Web Scraping Reviews of Marvel’s Black Panther from Rotten Tomatoes using R

Last week I went to see the new and highly hyped Marvel film - Black Panther. I had been out the night before and was severely hungover. However my boyfriend would not allow me to lounge around in bed all day and instead made me get up and go into town. While we were out, we went to see Black Panther.There are definitely worse things to do on a hangover, however I have a feeling my pounding headache combined with the fact that I’m not really a marvel fan anyway (this was only the second marvel film I had ever seen) may be the reason I was the only person in the cinema who did not enjoy the film. Don’t get me wrong I enjoyed the visual effects and light hearted humour, It’s just that I had major issues with the plot line and thought I was going to be sick most of the way through. Anyway, almost everyone else I have talked to seemed to have loved the film. In fact it is the highest grossing film of 2018 so far. That got me wondering about what data is available online about the movie and what can it tell us about what people really thought of the film.

Rotten Tomatoes is one of the biggest movie review sites, containing reviews from critics and the public together in one place. When I looked at the black panther site there were loads of pages of reviews to have a look at. In order to extract the data for analysis I used a technique called web scraping.

Web scraping is the process of extracting information from websites.
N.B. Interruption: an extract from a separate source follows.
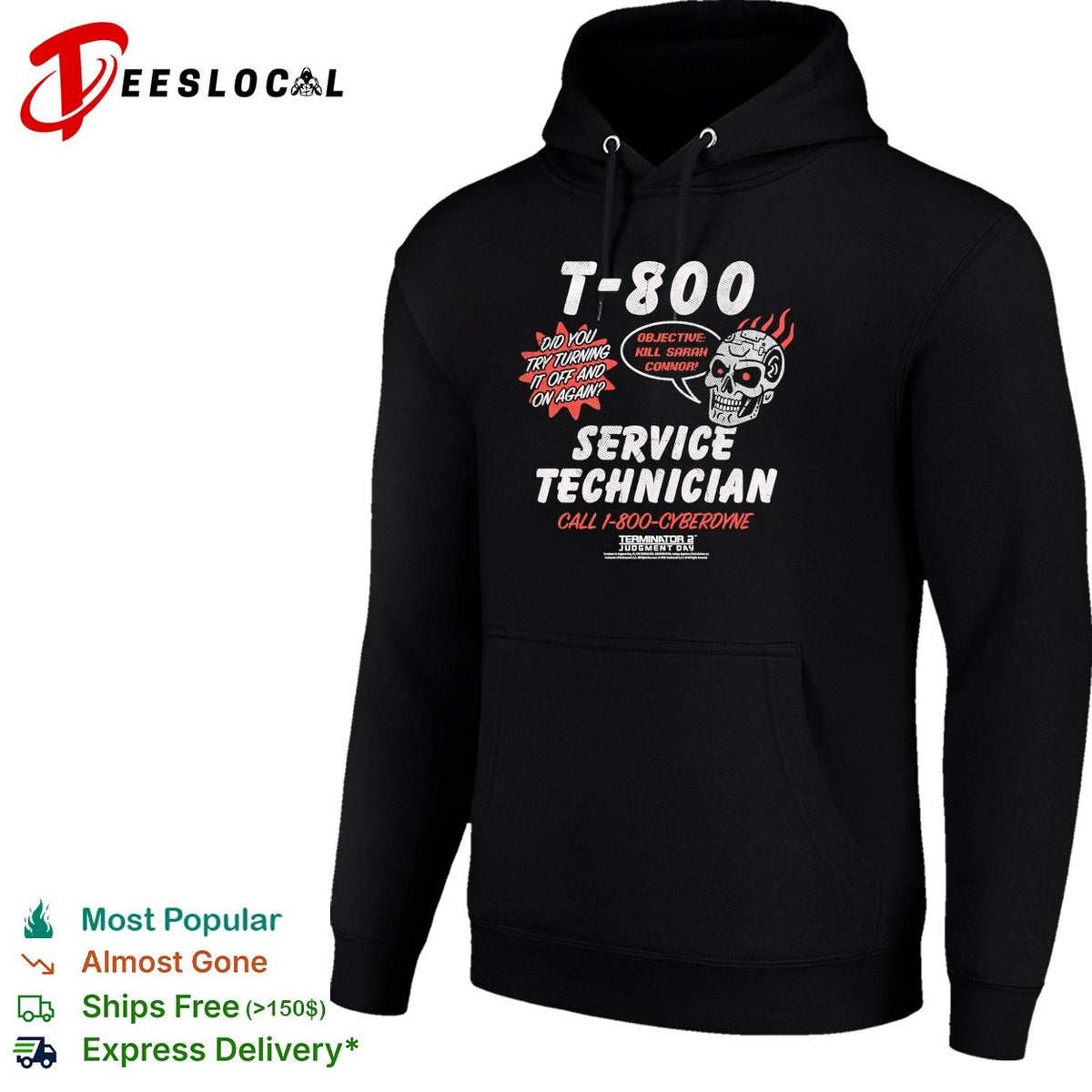 T-800 service technician Terminator 2 Judgment Day skull flames shirt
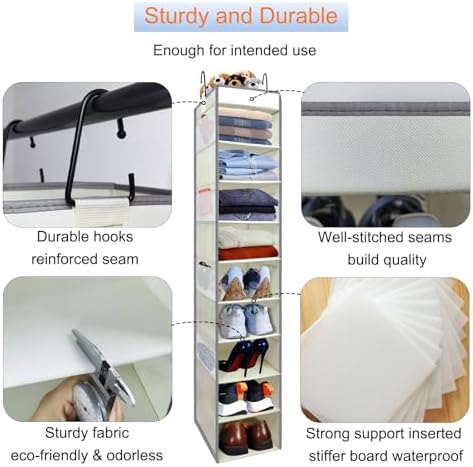 2 Pack Large-Sized Hanging Shoe Organizer 10-Shelf, Sturdy Hanging Closet - Image 4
Some data online is published in a downloadable format (csv, excel etc.) and some data is easily accessible through an API. However other types of data online is not so easy to access, for example, printed on the website as text or in html tables.You could manually copy the data yourself into an excel spreadsheet or text file, however for large amounts of data this is time consuming. Especially if you want to repeat the process lots of times. An alternative is to automate the process using a computer program. In order to scrap my data I used an R package called ‘Rvest’. This package has a functions to read html from a given website and then use the website CSS codes to extract the data you are interested in and covert it into a character vector. The R code below shows how I got my review data from rotten tomatoes in 3 simple steps (I used this post to learn about Rvest).

webpage <- read_html("https://www.rottentomatoes.com/m/black_panther_2018/reviews/
review_data_html <- html_nodes(webpage,'.user_review')
review_data <- html_text(review_data_html)

Getting the correct CSS code can be tricky. However you don’t actually need to know anything about how CSS works or have to spent time searching through html code to find it. Instead you can use a plugin for the google chrome browser called the ‘selected gadget’ that allows to select the text you are looking to scrap from a website and returns the corresponding CSS code. I would highly recommend using this tool as it making web scraping super easy. You can see how to install it here:

Using the Google Selector Gadget to find the CSS Code So its very easy to scrap data from a single website. However the rotten tomatoes Black panther reviews are not on a single page - there are 80+ pages of reviews that you can navigate using the buttons at the bottom of the page. In order to scrap data from all the pages I noticed that the only difference between the urls of each page was the page index value. This meant I could easily automate the process by writing a for loop that cycled through each of the webpages and save the reviews from each page.

From doing this I ended up with a character vector of reviews. I then could do some analysis of these reviews. Below is the results of a sentiment analysis on the reviews and also a word cloud of the reviews. (see this post for how I leant about text analysis)

No reviews contained the word “hangover” :(

R output of Sentiment Analysis on Black Panther Reviews. Mean = 1.7, SD = 4.2

I found that out of 299 reviews, only 57 had a negative sentiment (around 20%).  There were 2 notable outliers with scores of -12 and 47 each. Taking a closer look at these, I found that that the authors loved/hated the movie so much, they wrote a VERY long review. The average number of words per review for all the reviews was 70 but these reviews were 1720 words and 1367 words in length! Perhaps this makes sense though as it would require more words to get an extreme sentiment score.

In conclusion, to answer my original question, although the majority of reviews are positive (some very positive!) there are still some negative reviews. So I’m not completely alone in my dislike of the film. Although I am probably the only one who blamed my hangover…